• **WORK ORDER**
Quote every line below exactly and skip any picture.

• **SUPPLIED INFORMATION**
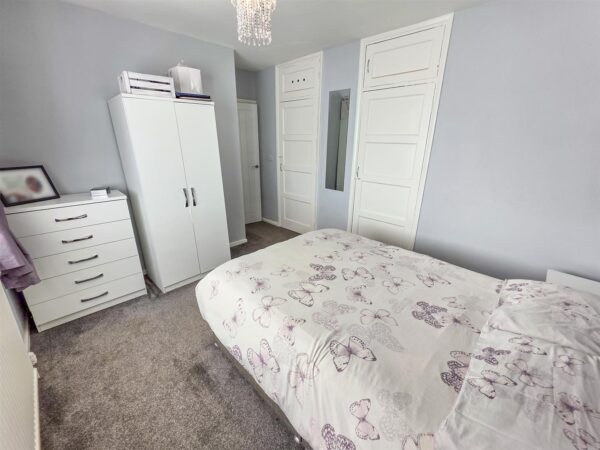 Willow Brook Road, Corby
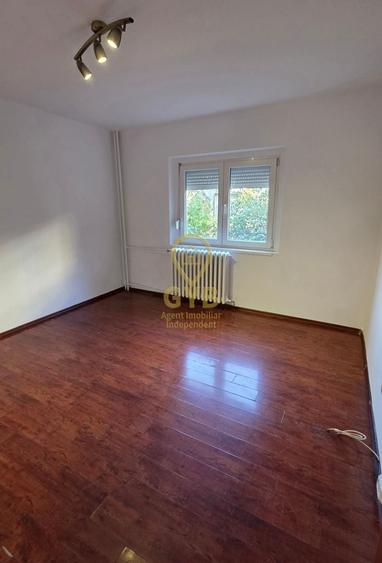 Apartament cu 2 camere decomandat în Decebal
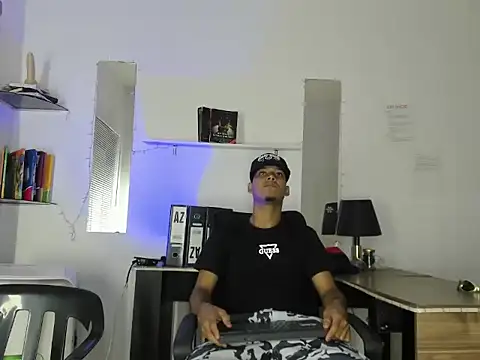 xxKamadevaxx online show from May 27, 12:46 pm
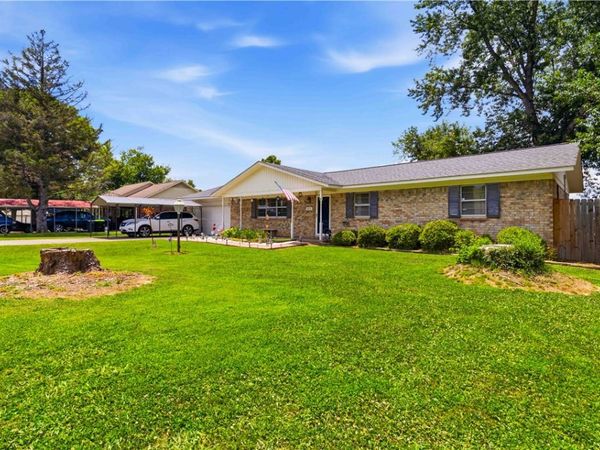 3506 N 2nd Street, Rogers, AR 72756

• **ANSWER TO THE EXERCISE**
 Willow Brook Road, Corby
 Apartament cu 2 camere decomandat în Decebal
 xxKamadevaxx online show from May 27, 12:46 pm
 3506 N 2nd Street, Rogers, AR 72756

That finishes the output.